» REQUIRED ACTION
Copy nothing but the lines below, from the one with "Ensemble De Pierres" through the one with "Finley Outdoor Dining", exactly as written; no pictures should appear.

» MATERIAL SHOWN
---
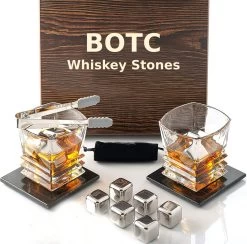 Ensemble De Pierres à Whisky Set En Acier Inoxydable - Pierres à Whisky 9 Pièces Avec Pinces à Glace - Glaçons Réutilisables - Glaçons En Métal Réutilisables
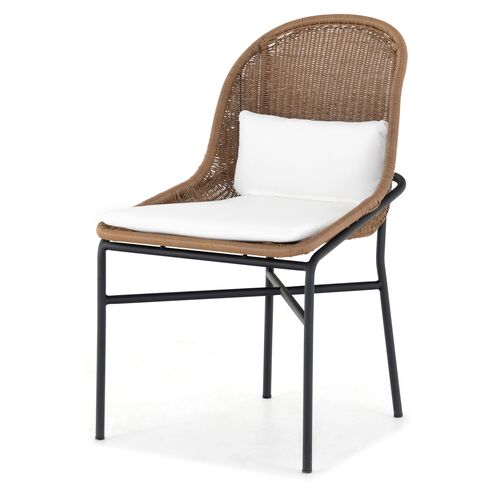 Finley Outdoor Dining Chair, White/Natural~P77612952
---
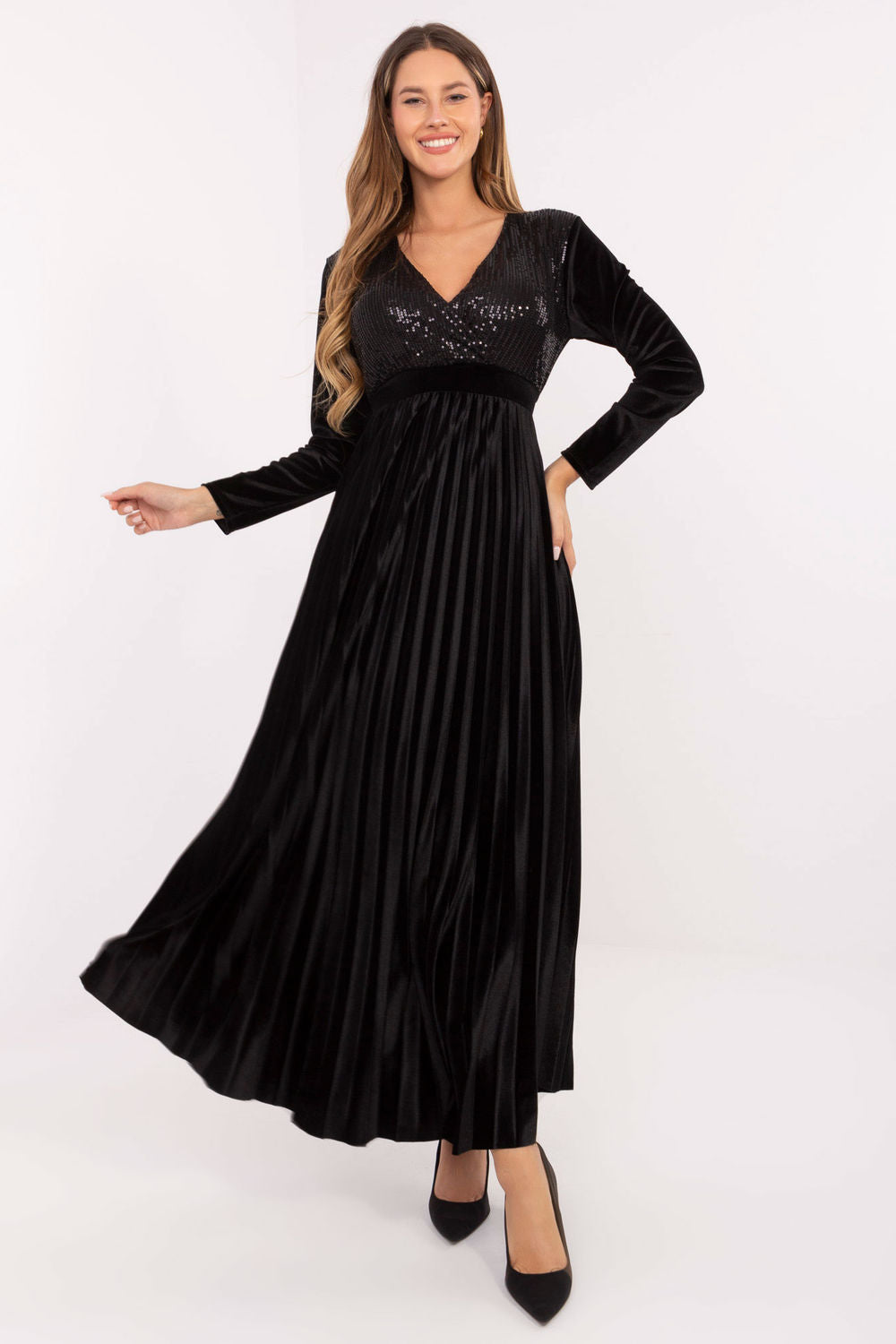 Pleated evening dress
---
» EXERCISE RESULT
 Ensemble De Pierres à Whisky Set En Acier Inoxydable - Pierres à Whisky 9 Pièces Avec Pinces à Glace - Glaçons Réutilisables - Glaçons En Métal Réutilisables
 Finley Outdoor Dining Chair, White/Natural~P77612952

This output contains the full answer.